Brugnaro now pushes for the excavation of another canal, which should really be avoided, while the most useless of infrastructure ministers Toninelli is clearly unable to decide. Not that I expect anything good from the 5 stars... Toninelli was an insurer until yesterday, so I don't see how he can take a serious and educated decision. And unfortunately, if I look at other European cities and at the U.S too, I don't see much hope. So many people have criticised Greta Thunberg, and yes I do agree that she is only 16 and the way she lives is not practicable by everyone, but I admire her deeply and consider her more intelligent than most of the world's politicians and economists...
In these moments of mistrust, I find shelter and strength in the arms of my husband who always tries to see the bright side of things.
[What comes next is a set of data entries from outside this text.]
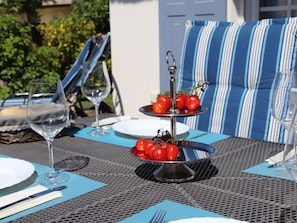 An outdoor dining setup with a metal table, two-tiered serving tray with tomatoes, wine glasses, and a striped cushion in the background. - Holiday Home in Glowe With Sauna (Glowe)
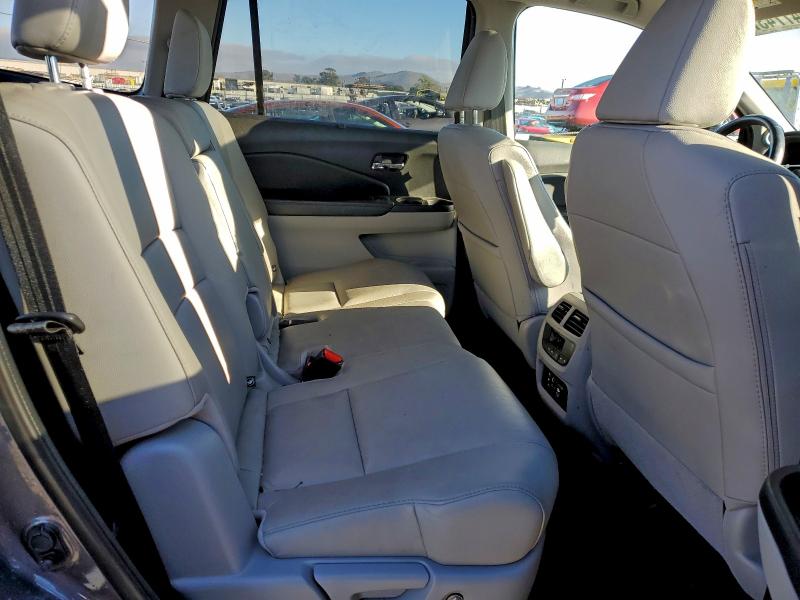 Photo 11 from auction – 2018 HONDA PILOT TOUR with VIN 5FNYF5H98JB009193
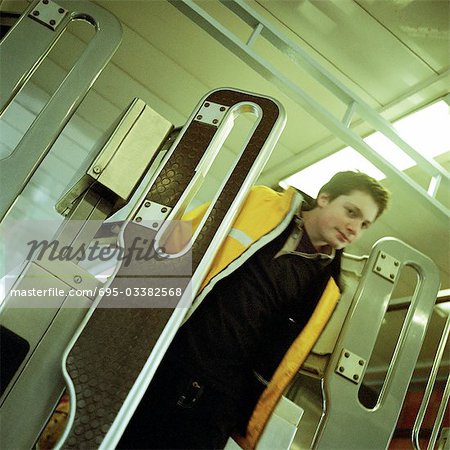 Jeune homme marchant dans porte tourniquet en métro.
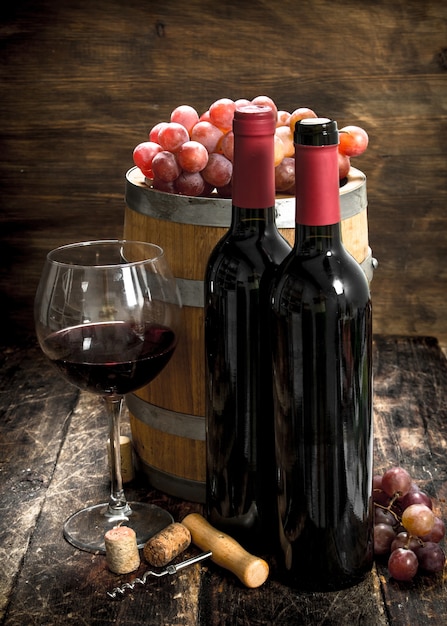 Table à vin. Une barrique de vin rouge et de raisins frais. Sur une table en bois.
He says that in the past some things may have been better but many other were not and have improved with time. The quality of the houses we live in, for example, has greatly improved. The quality of water too had improved until a while ago and will improve once again if only we stopped allowing cruise ships (and I am also referring to the smaller ones, which still use the heaviest and most polluting petrol in commerce). In the 80s, there were no places open for the younger generations after 10 pm while now it's the contrary, and so on... so, he says, I should stop worrying and just keep practicing virtuous everyday choices. We can't save the world, but with our choices we can do a lot to improve it...
To joke Vito sometimes tells me I even turned him into 'a fighetta' (delicate and picky pu..y), able to recognise ripe tomatoes at a glance and always seeking for Italian and locally grown produce. Even with regard to alcohol, he has switched from cocktails and long drinks to natural wine, craft beer and artisanal spirits... so, he says, if he's improved, the world can too! So, to conclude this post, I just want to remind you about a couple of really interesting and SLOW activities you can do while in Venice and with a simple recipe for poached pears.
For nature and slow living lovers, my tips are:
- check out the events organised by BIRDWATCHING VENEZIA and seize the occasion to explore in a slow manner the lagoon and its unique fauna
- support the local artisans based in the convent of Ss. Cosma and Damiano on Giudecca
- take an entire day to visit the magical and peaceful island of San Francesco del Deserto
- choose an afternoon to visit the Armenian island, its convent, library and gardens and learn more about their special rose petal jam
As for the recipe, it's a guilt free poached pear dessert made with baby pears from a nearby region, marinated in a fruit syrup (I used the juice of my prunes in syrup), honey and oil, served on a base of cookie crumble. Easy, seasonal, delicious and light! Hope you will like it!
Bye for now and talk soon ;-)
RECIPE: LIGHT POACHED PEARS
easy, serves two
6 small pears
1 cup fruit syrup of choice
1 Tbsp olive oil
2 oat cookies
1. Pre-heat oven at 180°
2. Peel and core the pears leaving them intact
3. Grease a baking pan, place the pears horizontally, pour over the fruit syrup, a Tbsp of oil and and some honey.
4. Bake at 180° for about 30 minutes, turning the pears every now and then to let them absorb the juice homogeneously.
5. When ready, serve hot over a cookie crumble and top with its juice.